Equipment Report

December 4 2013

10:54 AM

Tiger to switch to new RZN Platinum?

By Jonathan Wall, PGATOUR.COM Equipment Insider

BEAVERTON, Ore. -- Armed with Nike's new RZN Black and Platinum golf balls, Nike's chief ball designer Rock Ishii made his way to Firestone Country Club earlier this year, site of the World Golf Championships-Bridgestone Invitational, for some on-course product testing with Rory McIlroy, Russell Henley and Paul Casey.

The goal behind the product testing? To glean as much feedback as possible on the prototype balls from the Nike athletes in the field. Ishii assumed the feedback would be mixed.
What he didn't expect was for everyone to have the same glowing remarks.

All three players noted the ball was longer, more responsive around the green and had better sound and feel. Not surprisingly, all three switched to one of the two versions in the coming months.

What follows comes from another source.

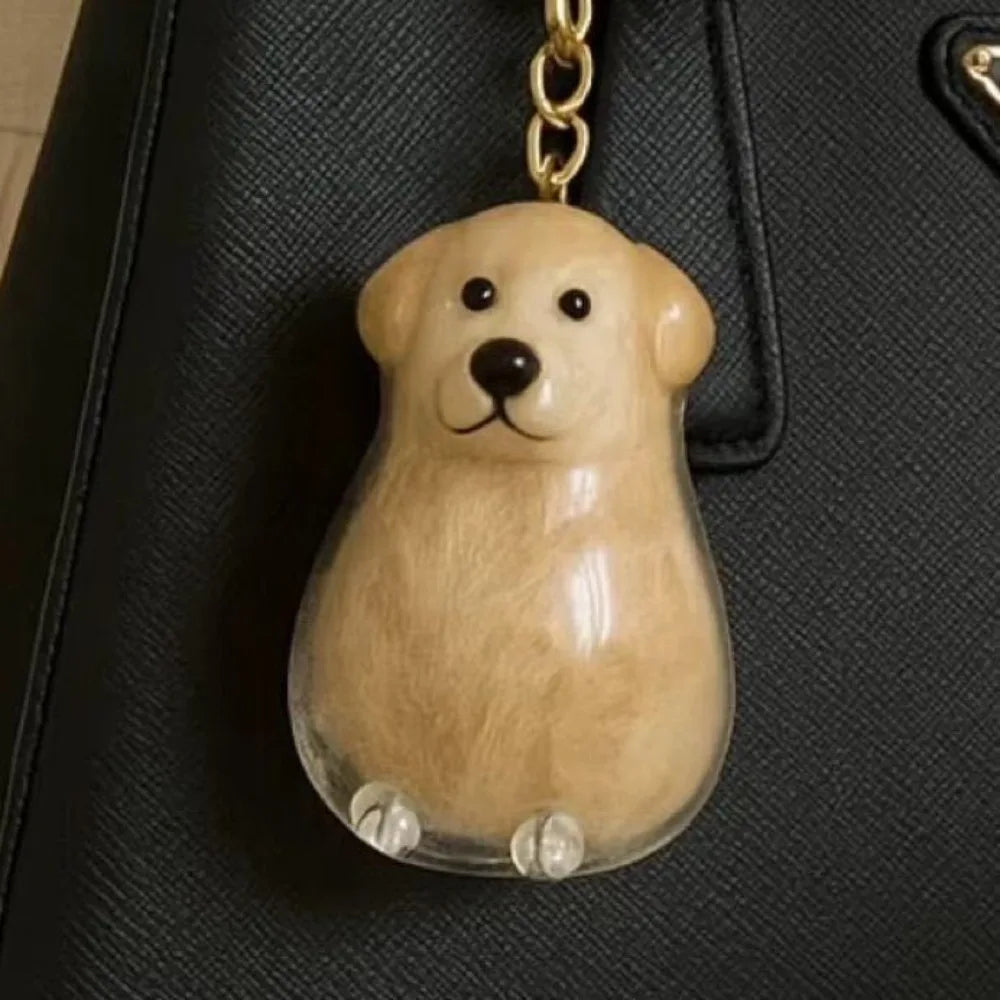 Transparent pet hair memorial keychain capsule with cream-colored dog figurine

Others have since followed suit in what Ishii called the easiest transition to-date.

"I've been doing this for 23 years and this is easiest and best transition to a new ball I've been a part of," Ishii said. "It's so easy. We started bringing this ball out and players started saying, 'Wow, I can play this ball right now.' It's partly due to the design, but it also has to do with how closely we worked with the players on this ball."

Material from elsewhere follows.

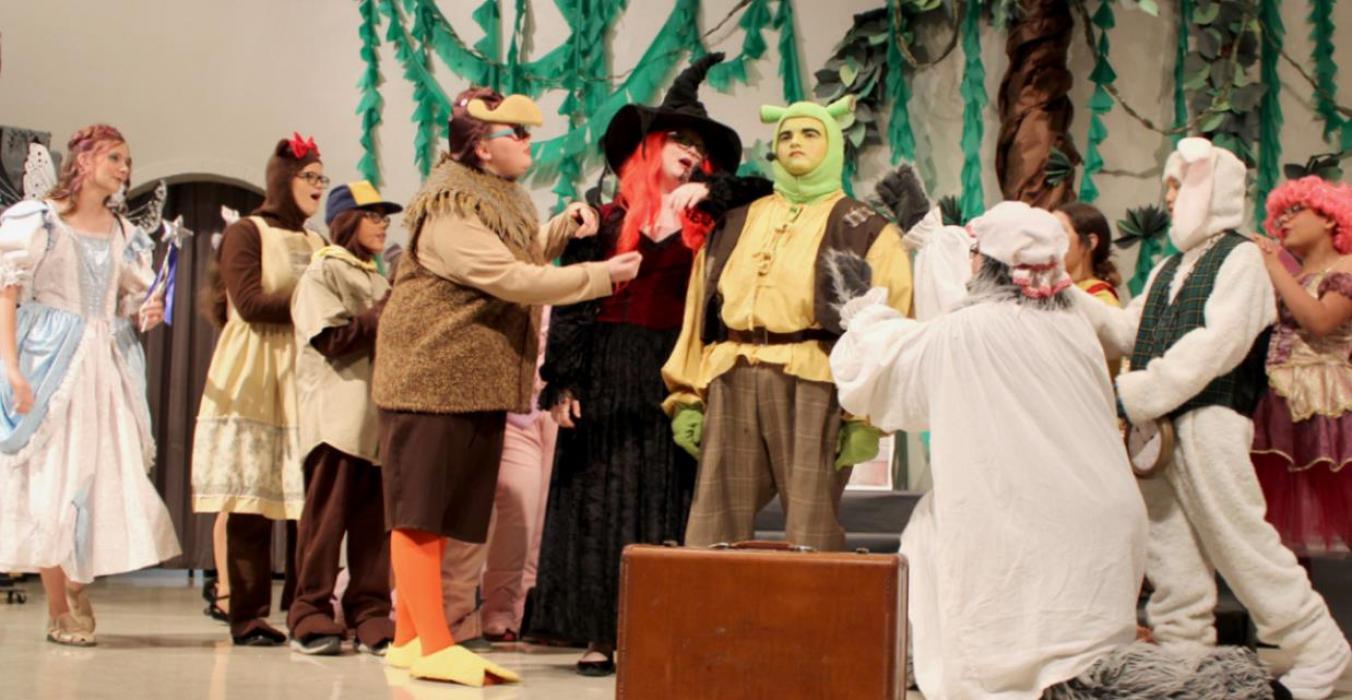 The Fairytale Creatures and Shrek the Ogre perform a song together in Act I.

Along with RZN Black and RZN Platinum -- both four-piece balls -- Nike also announced the new ball line will include RZN White and RZN Red -- three-piece distance performance balls that promote more distance (Red) and a softer feel (White) -- giving players of varying skill levels and swing speeds the opportunity to select a ball that best suits their game.

Black and Platinum version are the models Tour pros will likely use. The Black is a low-spinning ball -- Rory McIlroy used RZN Black to win the Australian Open -- while Platinum is a mid-spinning ball that's already being used by, among others, 2013 Irish Open winner Paul Casey.

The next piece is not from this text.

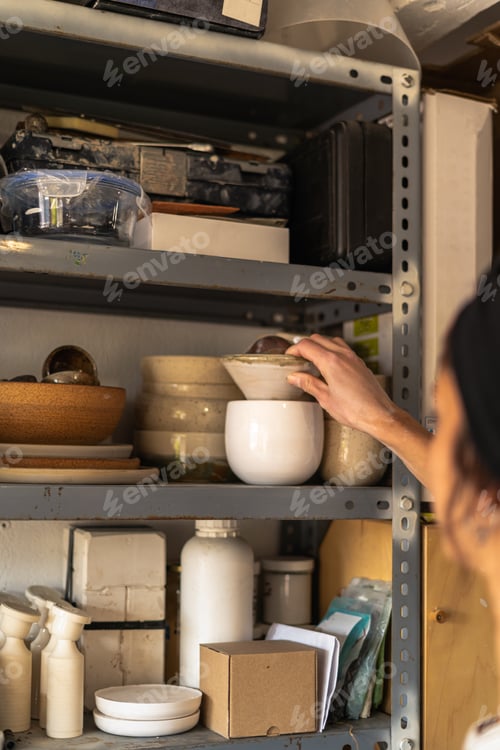 Preview: Young female potter arranging ceramic products on workshop shelf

Ishii also confirmed Tiger Woods has been experimenting with RZN Platinum, using the ball most recently during his exhibition match against McIlroy at Mission Hills Golf Club in China.

While Woods has been playing Nike's One Tour D ball for four-plus years, Ishii said he expects the 14-time major winner to switch to RZN Platinum at some point in the near future.

What separates the 2014 RZN ball from its predecessor is the company's new resin Speedlock core technology. The interlocking core design -- the core’s surface is similar to that of a waffle iron -- interconnects with the compression layer to form a more cohesive bond that delivers more energy through impact.

"I think this new SpeedLock technology just makes the ball more efficient," McIlroy said. "For example, you've got 250 yards to the pin and 230 yards to clear the bunker. For me, I'd normally have to bust a 4-iron to get it over the bunker. With the new ball, I know that if I put a good swing on it, it's going to get there. I've gained about half a club with this new ball."

The energy increase also boosts distance, ball speeds and flight. According to Ishii, the unique design for Nike's new three-dimensional core came from studying the core of old wound golf balls.

"The [wound ball] was the inspiration for the Speedlock core technology," Ishii said. "The surface geometry of the wound core is not by design, because the wound rubber thread made the surface on the core. We started testing out new three-dimensional cores to see how it interlocked with the compression layer and found that the energy transfer was significantly better."

Along with a revolutionized core, Nike also added a new spin-optimized coating to the surface of the ball that's designed to grip the grooves of the club for improved control on iron and wedge shots. The softer cover and compression in the core also helps with improved sound and feel, especially on off-center shots.

Nike's RZN Platinum and RZN Black will be available Mar. 3 for $46 per dozen, while RZN White and RZN Red will cost $30 per dozen.